WHAT TO DO:
A verbatim copy of the records below, pictures omitted, is the task.

Collected data:
——
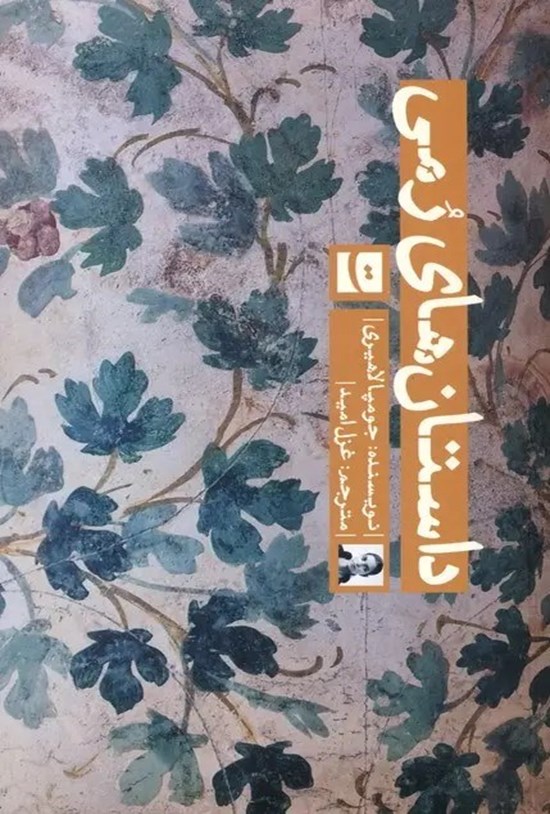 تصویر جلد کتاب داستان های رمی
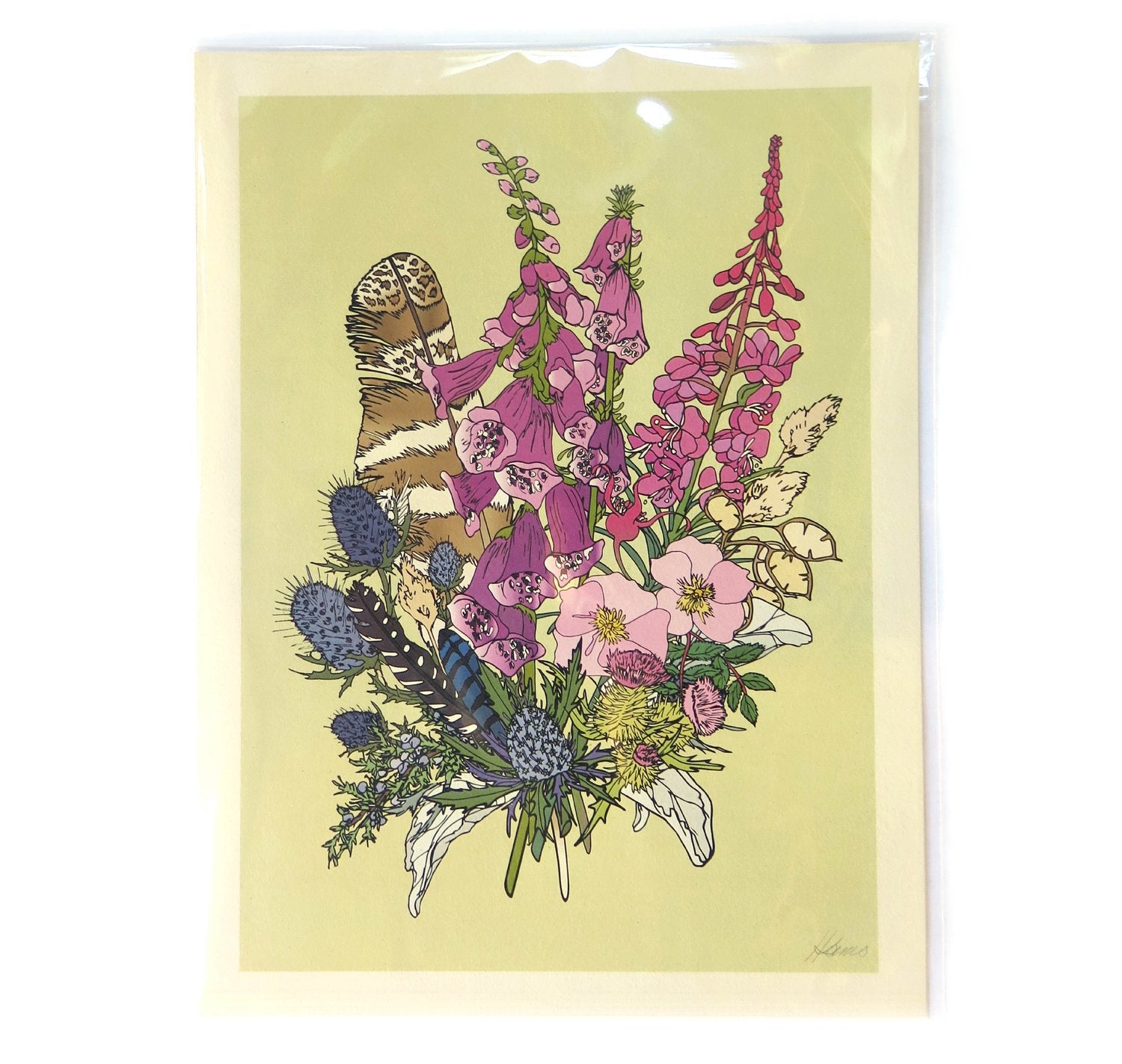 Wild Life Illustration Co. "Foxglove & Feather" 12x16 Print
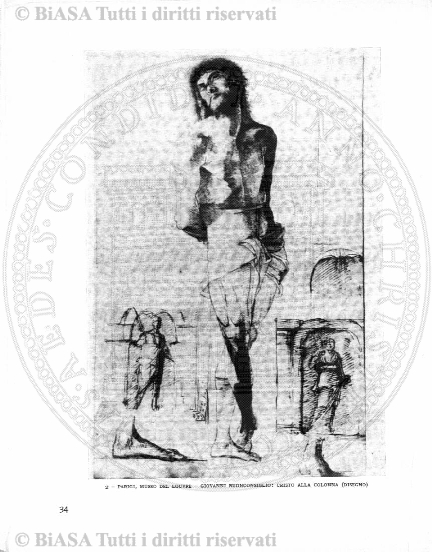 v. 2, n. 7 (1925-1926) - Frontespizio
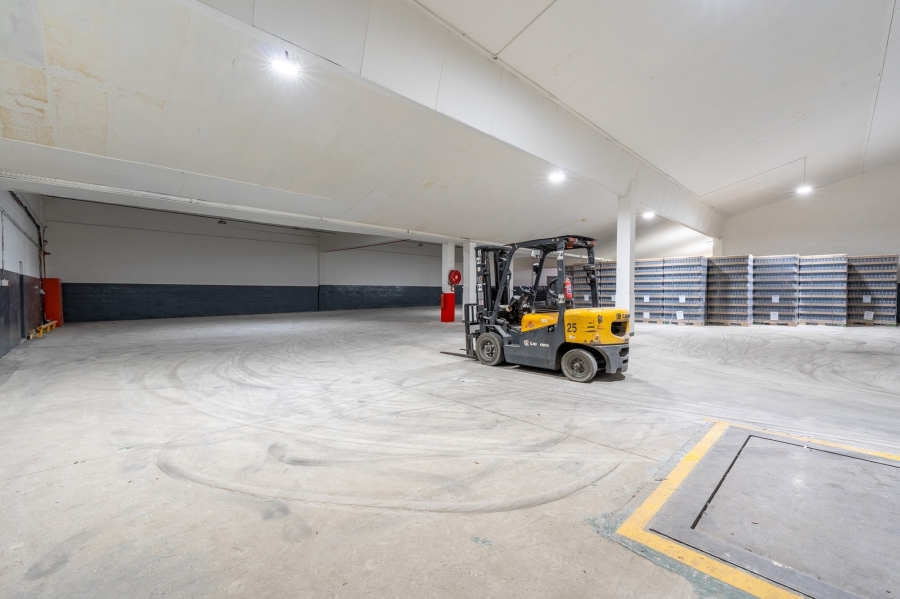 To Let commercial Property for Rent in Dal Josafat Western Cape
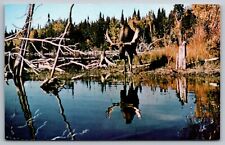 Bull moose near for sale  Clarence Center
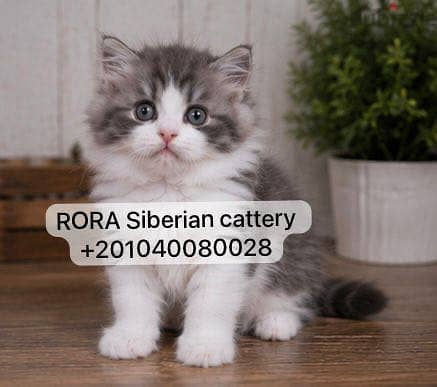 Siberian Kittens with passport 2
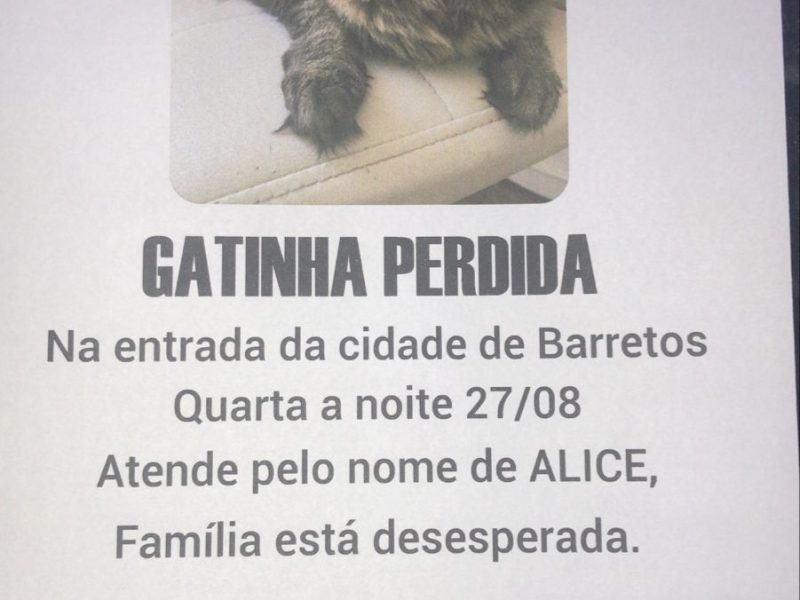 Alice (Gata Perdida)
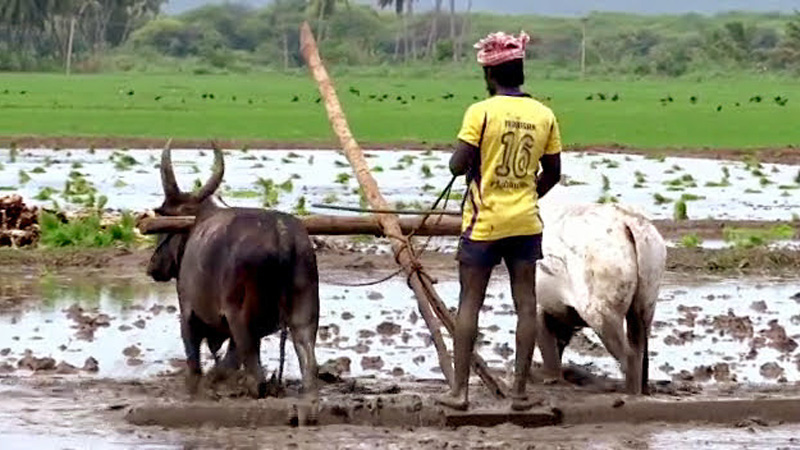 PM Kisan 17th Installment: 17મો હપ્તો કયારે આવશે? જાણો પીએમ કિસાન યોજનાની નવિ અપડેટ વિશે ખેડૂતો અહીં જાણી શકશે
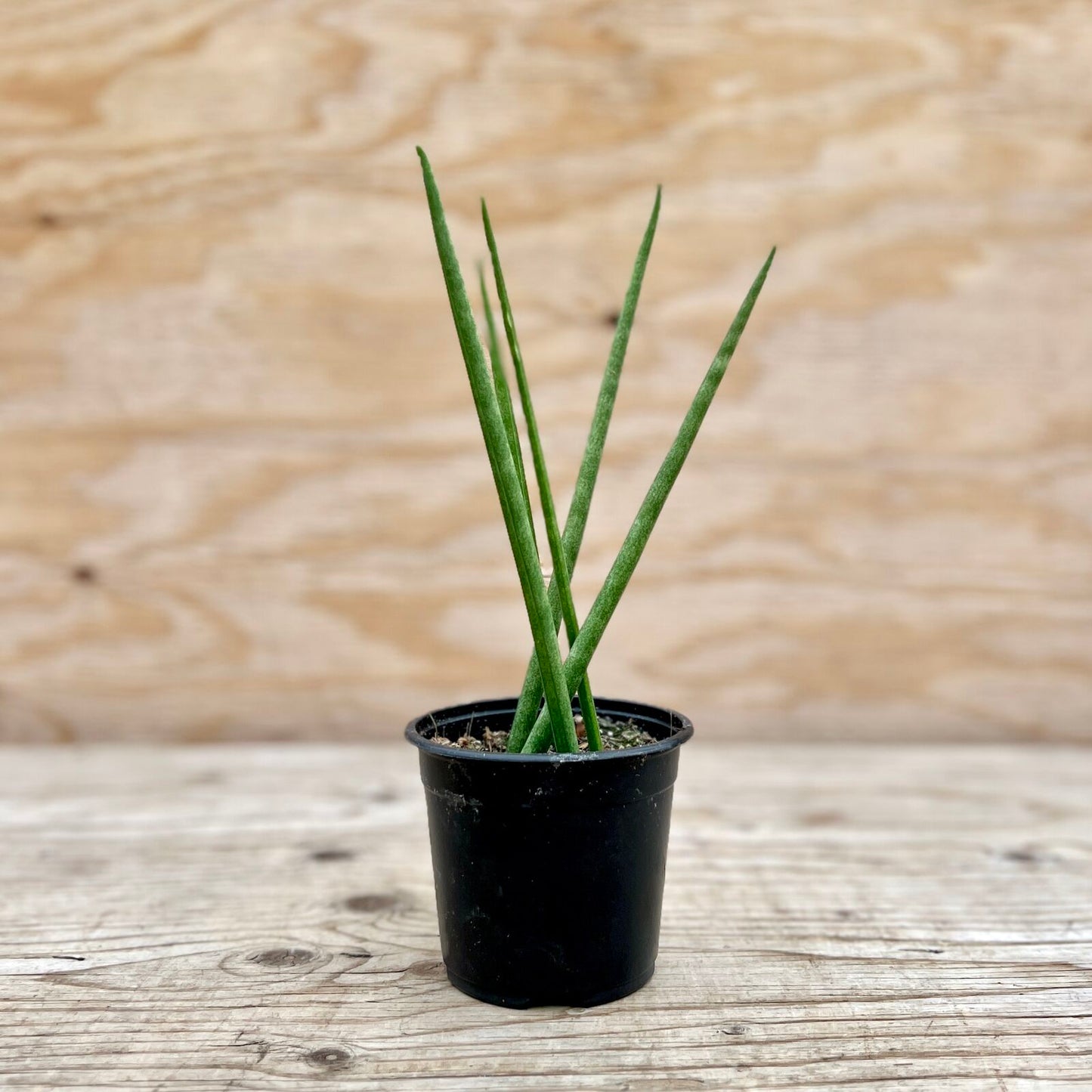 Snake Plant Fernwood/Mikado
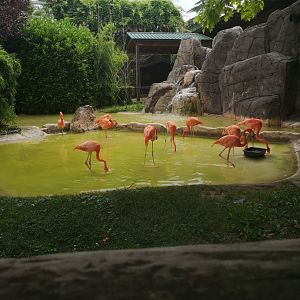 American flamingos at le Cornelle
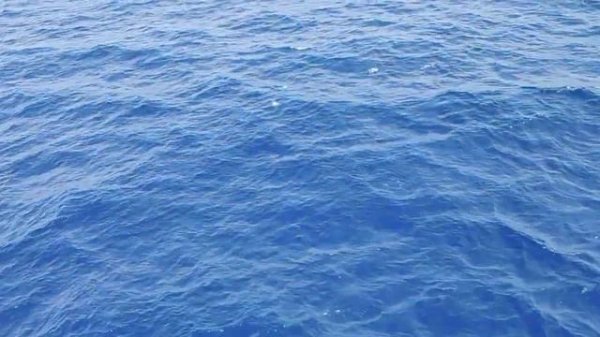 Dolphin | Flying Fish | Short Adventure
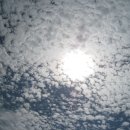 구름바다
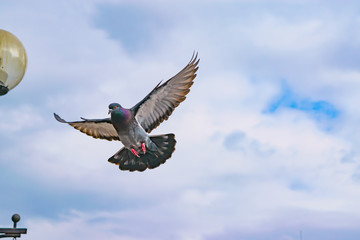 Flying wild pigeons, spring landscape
——
COMPLETED EXERCISE:
 تصویر جلد کتاب داستان های رمی
 Wild Life Illustration Co. "Foxglove & Feather" 12x16 Print
 v. 2, n. 7 (1925-1926) - Frontespizio
 To Let commercial Property for Rent in Dal Josafat Western Cape
 Bull moose near for sale  Clarence Center
 Siberian Kittens with passport 2
 Alice (Gata Perdida)
 PM Kisan 17th Installment: 17મો હપ્તો કયારે આવશે? જાણો પીએમ કિસાન યોજનાની નવિ અપડેટ વિશે ખેડૂતો અહીં જાણી શકશે
 Snake Plant Fernwood/Mikado
 American flamingos at le Cornelle
 Dolphin | Flying Fish | Short Adventure
 구름바다
 Flying wild pigeons, spring landscape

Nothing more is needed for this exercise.